# Given records
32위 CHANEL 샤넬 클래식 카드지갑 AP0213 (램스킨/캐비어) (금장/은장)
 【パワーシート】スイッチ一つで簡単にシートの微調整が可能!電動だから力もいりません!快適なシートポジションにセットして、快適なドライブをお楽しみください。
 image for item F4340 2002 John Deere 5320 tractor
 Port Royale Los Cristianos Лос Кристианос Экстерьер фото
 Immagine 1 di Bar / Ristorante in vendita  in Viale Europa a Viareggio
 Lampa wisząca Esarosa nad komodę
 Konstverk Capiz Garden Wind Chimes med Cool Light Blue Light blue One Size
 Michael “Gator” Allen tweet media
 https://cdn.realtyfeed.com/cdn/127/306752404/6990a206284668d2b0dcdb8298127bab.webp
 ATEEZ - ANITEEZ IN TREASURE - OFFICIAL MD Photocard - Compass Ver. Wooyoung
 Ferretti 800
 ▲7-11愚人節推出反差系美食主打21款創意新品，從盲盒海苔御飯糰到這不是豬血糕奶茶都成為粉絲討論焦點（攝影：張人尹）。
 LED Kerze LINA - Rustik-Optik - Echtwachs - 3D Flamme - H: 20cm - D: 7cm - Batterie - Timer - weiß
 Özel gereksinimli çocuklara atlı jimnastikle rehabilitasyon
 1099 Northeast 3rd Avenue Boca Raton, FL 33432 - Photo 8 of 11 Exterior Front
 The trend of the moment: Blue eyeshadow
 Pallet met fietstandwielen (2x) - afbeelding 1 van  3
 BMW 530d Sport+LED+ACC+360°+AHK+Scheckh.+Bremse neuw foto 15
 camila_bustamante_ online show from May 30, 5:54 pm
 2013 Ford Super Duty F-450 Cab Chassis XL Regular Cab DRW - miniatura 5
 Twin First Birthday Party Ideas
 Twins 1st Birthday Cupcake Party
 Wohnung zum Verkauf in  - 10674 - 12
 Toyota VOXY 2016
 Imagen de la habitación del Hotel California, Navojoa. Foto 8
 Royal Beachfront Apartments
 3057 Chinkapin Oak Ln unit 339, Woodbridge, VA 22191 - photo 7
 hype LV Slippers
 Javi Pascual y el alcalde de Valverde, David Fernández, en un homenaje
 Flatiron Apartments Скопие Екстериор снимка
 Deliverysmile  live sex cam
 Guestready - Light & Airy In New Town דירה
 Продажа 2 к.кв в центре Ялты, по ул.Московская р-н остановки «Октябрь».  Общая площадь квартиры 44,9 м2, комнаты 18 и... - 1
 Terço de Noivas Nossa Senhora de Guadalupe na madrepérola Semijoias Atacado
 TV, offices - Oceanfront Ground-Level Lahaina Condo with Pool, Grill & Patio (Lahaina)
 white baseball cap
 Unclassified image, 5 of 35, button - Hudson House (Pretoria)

# Problem description
Lines of the listing above that contain the word "Party" must all be copied.

# Solution
 Twin First Birthday Party Ideas
 Twins 1st Birthday Cupcake Party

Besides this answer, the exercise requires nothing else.